More than just a credit purchase, the partnership signals growing confidence in Africa’s high-integrity carbon markets. It also reinforces Microsoft’s aggressive push to become carbon negative by 2030.

A Landmark Carbon Removal Deal in Africa

Rainforest Builder operates across Sierra Leone, Ghana, and Guinea, employing more than 2,500 people.

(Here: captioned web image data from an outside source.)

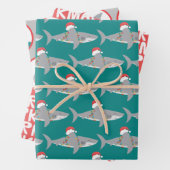 Funny Hai Weihnachtswrapping Paper Sheet Set Geschenkpapier Set (Beispiel)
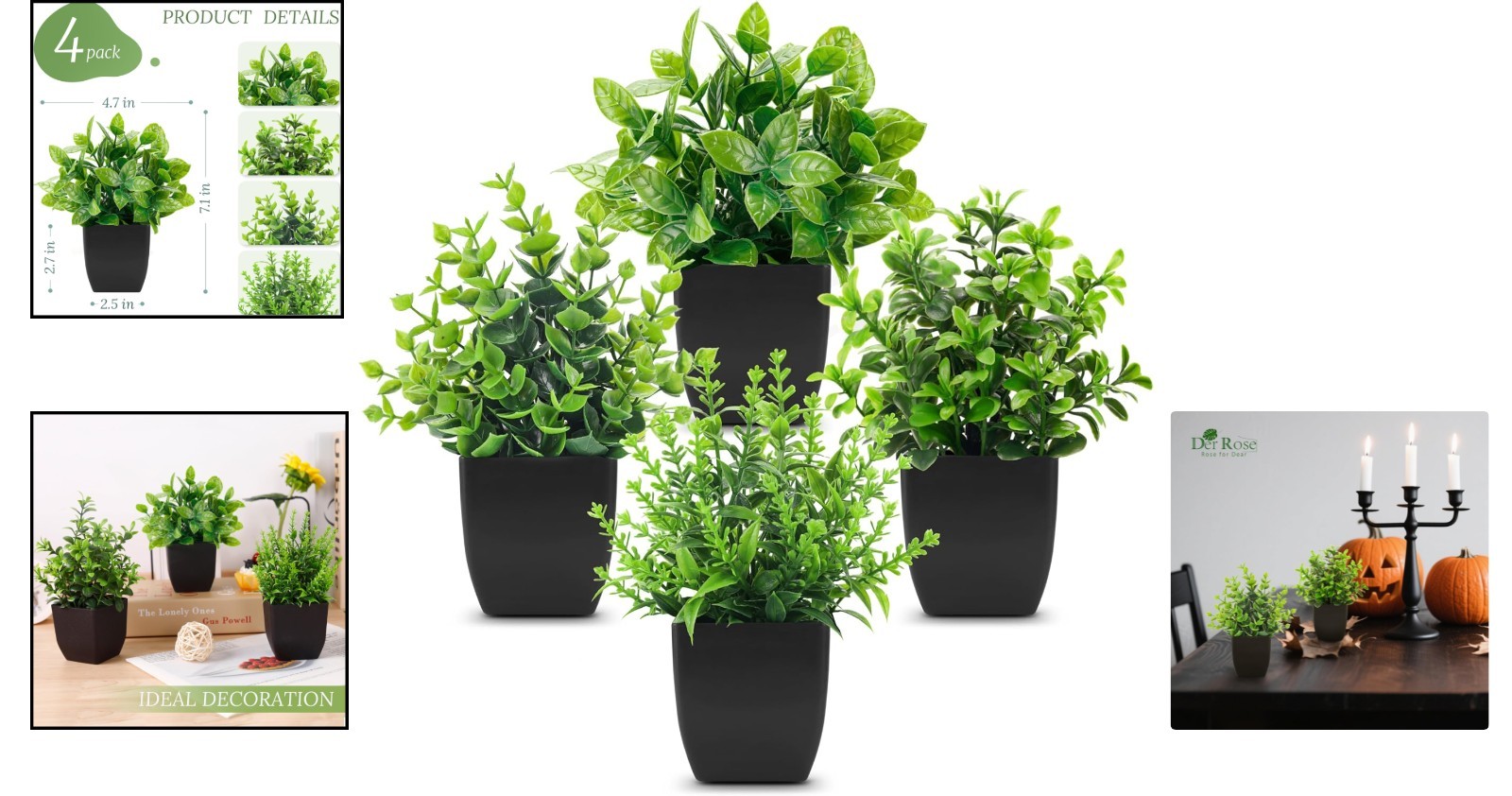 Eco-Friendly 4-Piece Black Faux Plant Set for Home, Office, and Halloween Decor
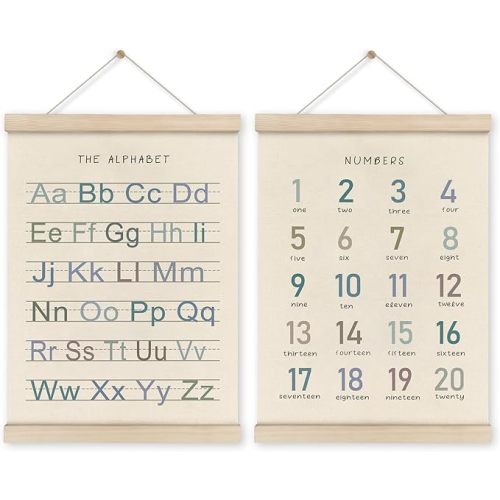 HRQKO Alphabet Numbers Poster Hanger Frame Set of 2, Nursery Wall Decor, Boho ABC Poster Wall Art with Wooden Frames, Alphabet Banner Wall Hanging Decor for Boy Toddler Room Playroom, 12x16 Inch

The company follows a science-led, community-focused model that blends ecosystem restoration with economic development.

Under the Microsoft agreement, Project Buffalo will restore 15,000 hectares of degraded community land in Sierra Leone. The initiative will plant more than 10 million trees, rebuilding native forest ecosystems in the Upper Guinean Forest — one of the most biodiverse yet threatened rainforest regions in the world.

So far, Rainforest Builder’s Sierra Leone team has planted more than 1.8 million trees since 2023. The scale-up now underway will dramatically expand restoration efforts.

Importantly, this is not a short-term offset arrangement. The 15-year offtake structure provides long-term revenue certainty. That stability helps finance restoration, workforce development, and monitoring systems. In turn, it raises the bar for project integrity and permanence.

Restoring the Upper Guinean Forest

The Upper Guinean Forest once stretched across West Africa as a dense tropical ecosystem rich in endemic species. Today, more than 90% of it has been cleared due to logging, agriculture, and land degradation.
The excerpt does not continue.